■ Exercise instructions: All entries should be copied exactly; the pictures stay out.

(Records contained in a dataset)
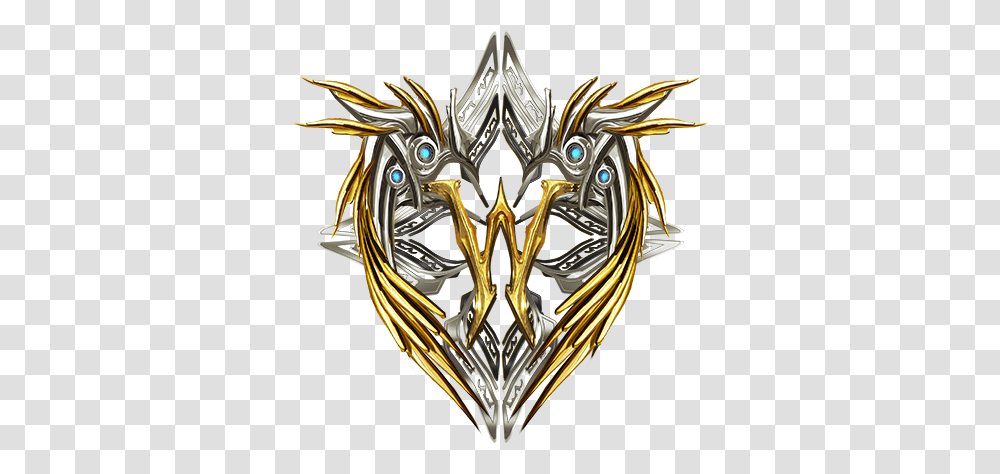 Close Clan Emblem Warframe, Symbol, Chandelier, Lamp, Gold Transparent Png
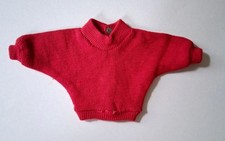 Vintage Sindy 1963 Sloppy Joe Red jumper Top Pedigree Orginal Outfit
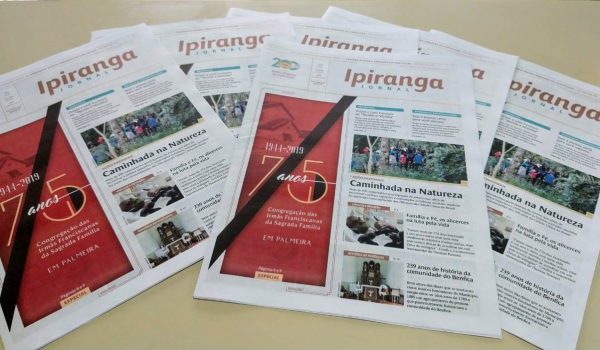 Jornal Ipiranga destaca os 75 anos das Irmãs da Sagrada Família de Maria em Palmeira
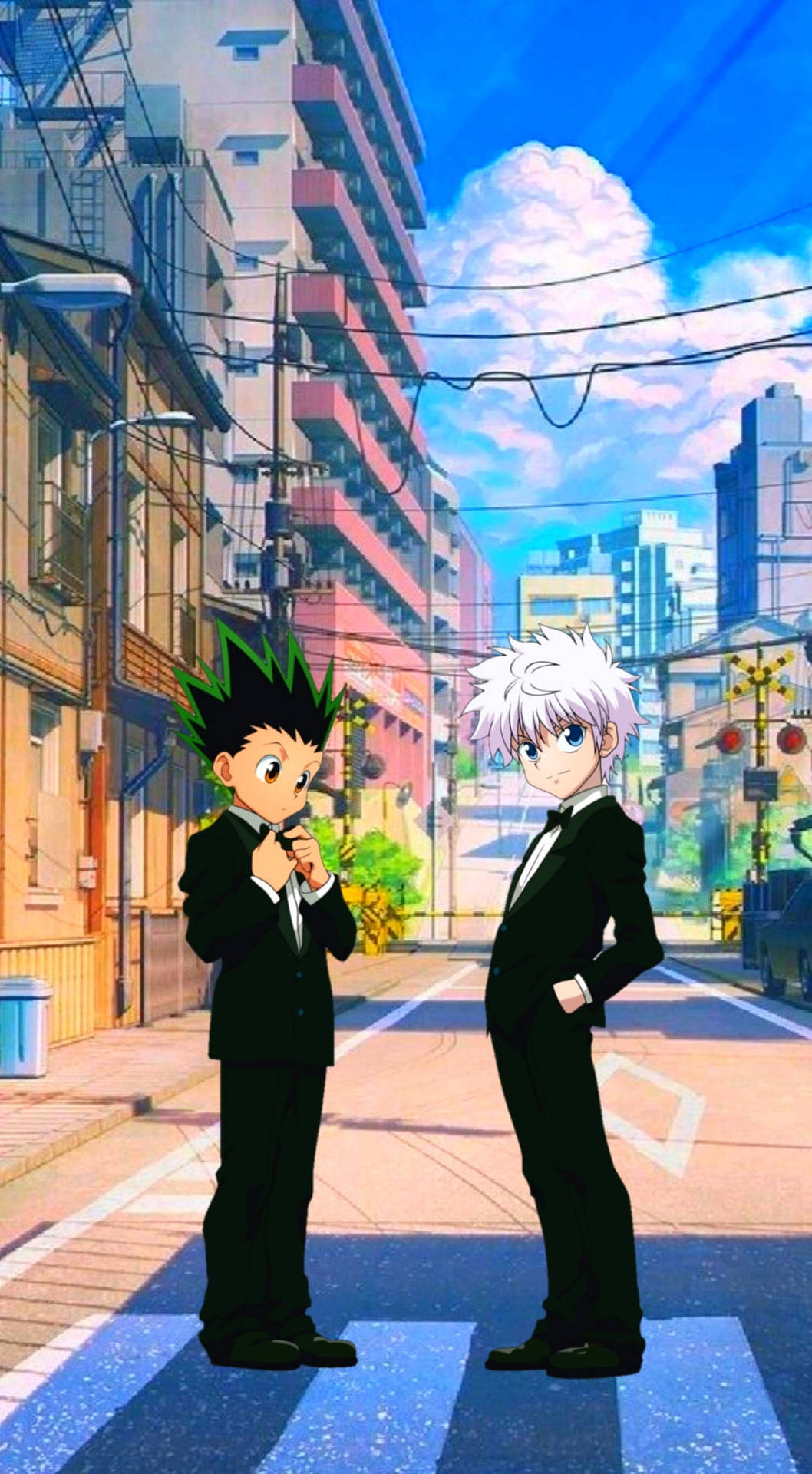 Download Gon And Killua In Suits Wallpaper 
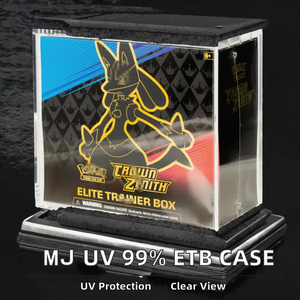 UV 99% rõ ràng <span class=keywords><strong>Acrylic</strong></span> etb hộp phong cách hiện đại hiển thị trường hợp cho Showcase Elite huấn luyện viên hộp từ - Product Image 4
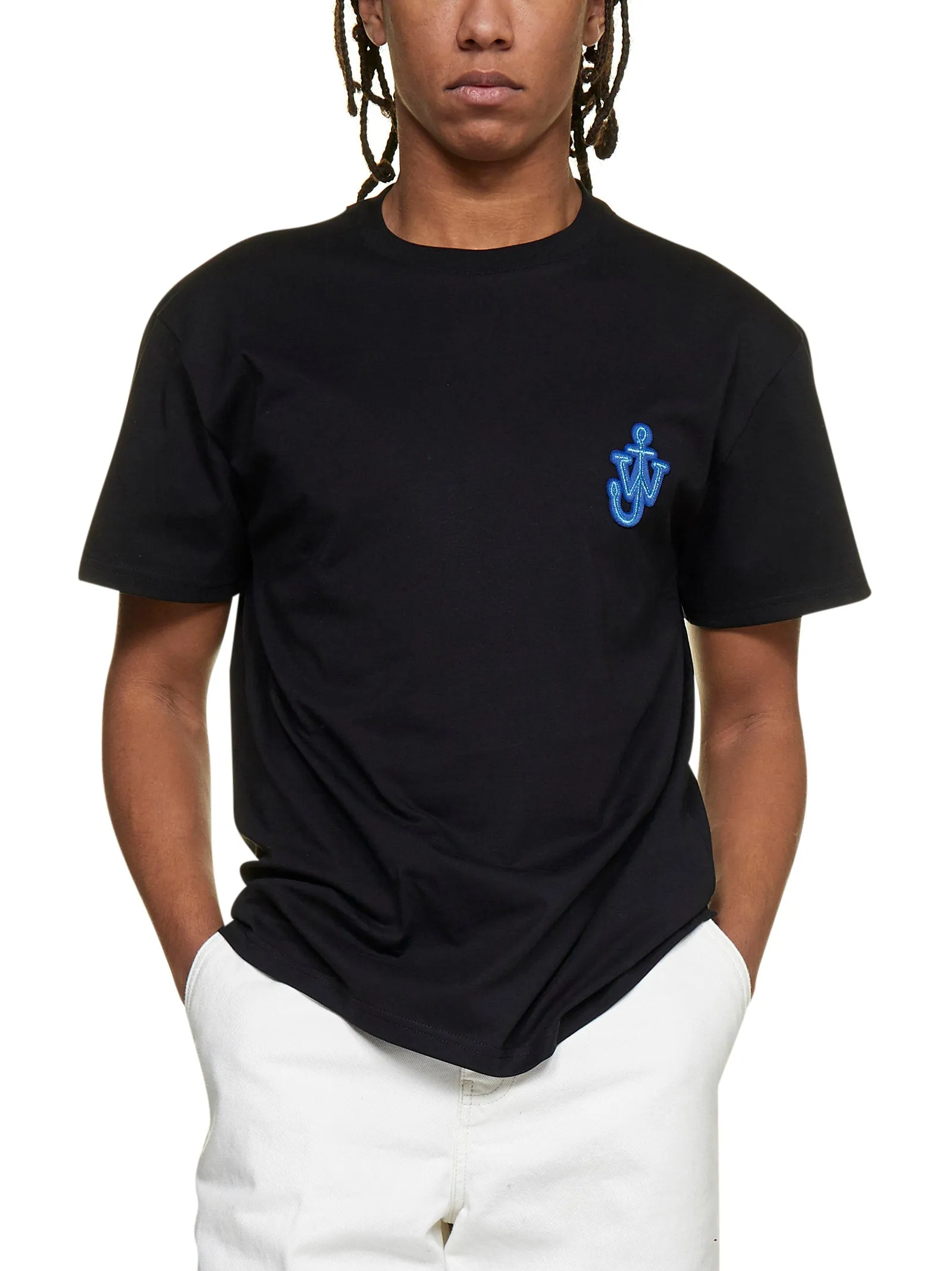 JW Anderson Logo Embroidered Crewneck T-Shirt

■ Exercise output:
 Close Clan Emblem Warframe, Symbol, Chandelier, Lamp, Gold Transparent Png
 Vintage Sindy 1963 Sloppy Joe Red jumper Top Pedigree Orginal Outfit
 Jornal Ipiranga destaca os 75 anos das Irmãs da Sagrada Família de Maria em Palmeira
 Download Gon And Killua In Suits Wallpaper 
 UV 99% rõ ràng <span class=keywords><strong>Acrylic</strong></span> etb hộp phong cách hiện đại hiển thị trường hợp cho Showcase Elite huấn luyện viên hộp từ - Product Image 4
 JW Anderson Logo Embroidered Crewneck T-Shirt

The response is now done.